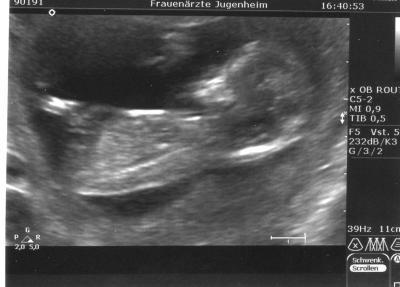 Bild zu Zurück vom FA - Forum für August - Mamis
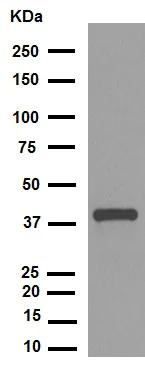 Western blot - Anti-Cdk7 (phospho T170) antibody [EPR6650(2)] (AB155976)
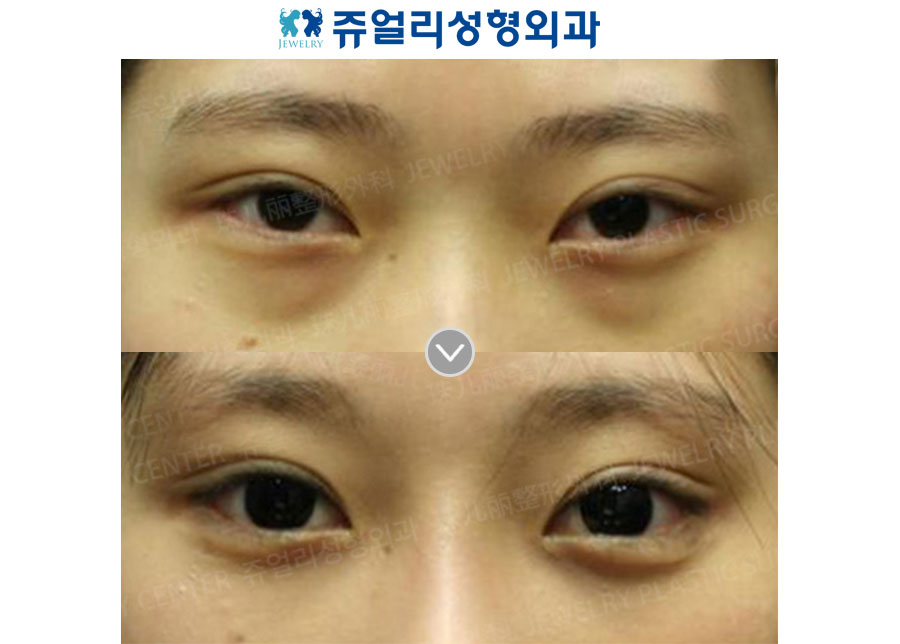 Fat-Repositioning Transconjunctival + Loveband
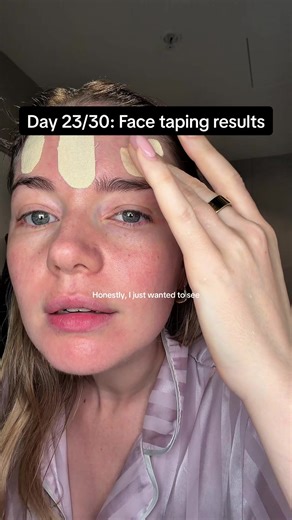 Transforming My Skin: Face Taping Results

--

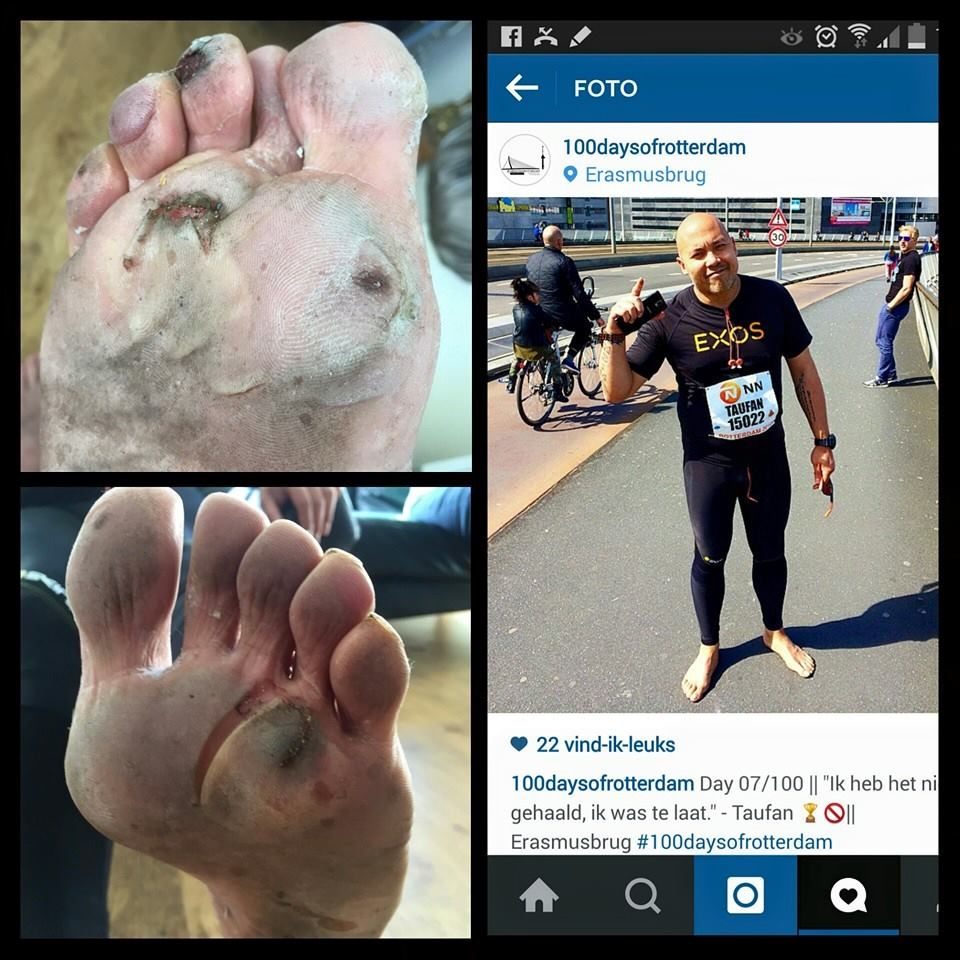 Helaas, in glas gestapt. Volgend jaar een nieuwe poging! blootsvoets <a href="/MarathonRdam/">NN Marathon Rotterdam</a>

ACTIVITY: Your reply should consist solely of the lines above from the line containing "Western blot - Anti-Cdk7" up to and including the line containing "Transforming My Skin: Face Taping Results", reproduced exactly, minus the pictures.

RESPONSE FOR THIS EXERCISE:
 Western blot - Anti-Cdk7 (phospho T170) antibody [EPR6650(2)] (AB155976)
 Fat-Repositioning Transconjunctival + Loveband
 Transforming My Skin: Face Taping Results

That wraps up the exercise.